Task statement: Repeat every line of the data exactly; no picture belongs in the copy.

Source material:
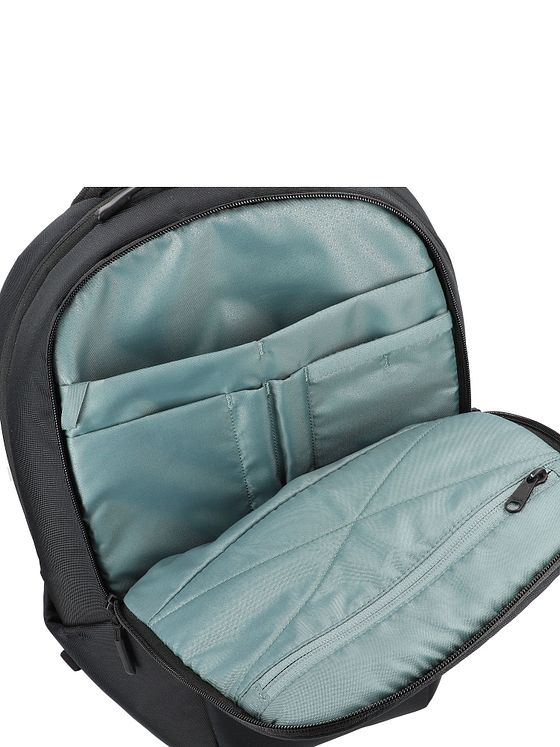 Thule Subterra 2 Forretningsrygsæk 46 cm Laptoprum Thule Subterra 2 Forretningsrygsæk 46 cm Laptoprum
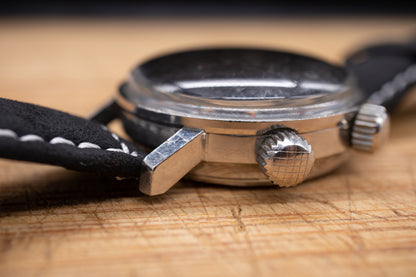 Pre-Owned Lip Nautic-Ski Electronic Super Compressor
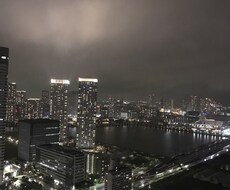 高嶺の華を見ている君、心が満たされるデート教えます イメージ1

Solution for this problem:
 Thule Subterra 2 Forretningsrygsæk 46 cm Laptoprum Thule Subterra 2 Forretningsrygsæk 46 cm Laptoprum
 Pre-Owned Lip Nautic-Ski Electronic Super Compressor
 高嶺の華を見ている君、心が満たされるデート教えます イメージ1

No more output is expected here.